**Exercise requirements:** In your reply, repeat the full listing exactly and leave each picture out.

**Given material:**
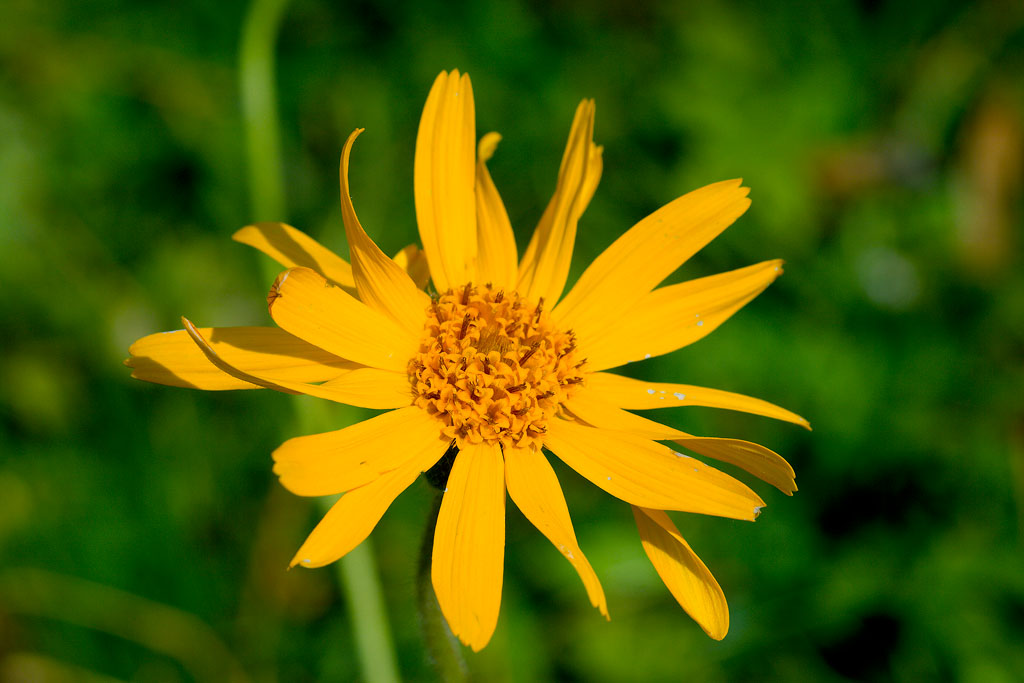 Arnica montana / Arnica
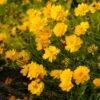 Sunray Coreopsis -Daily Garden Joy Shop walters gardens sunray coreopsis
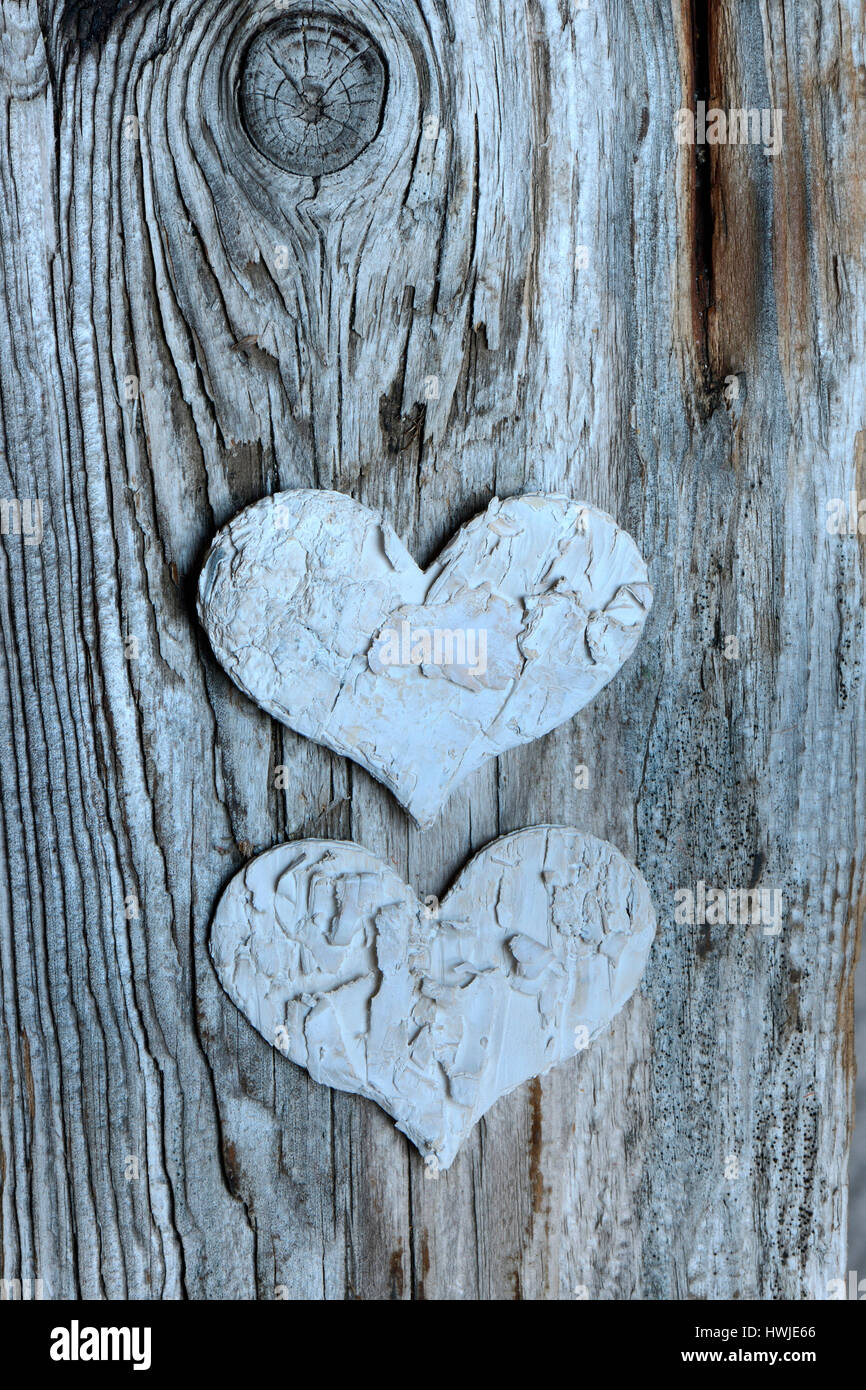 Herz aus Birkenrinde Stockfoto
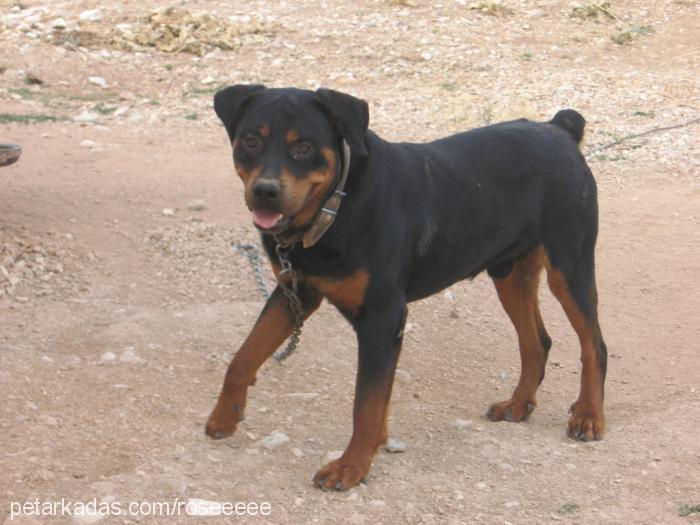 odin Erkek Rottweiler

**Response below:**
 Arnica montana / Arnica
 Sunray Coreopsis -Daily Garden Joy Shop walters gardens sunray coreopsis
 Herz aus Birkenrinde Stockfoto
 odin Erkek Rottweiler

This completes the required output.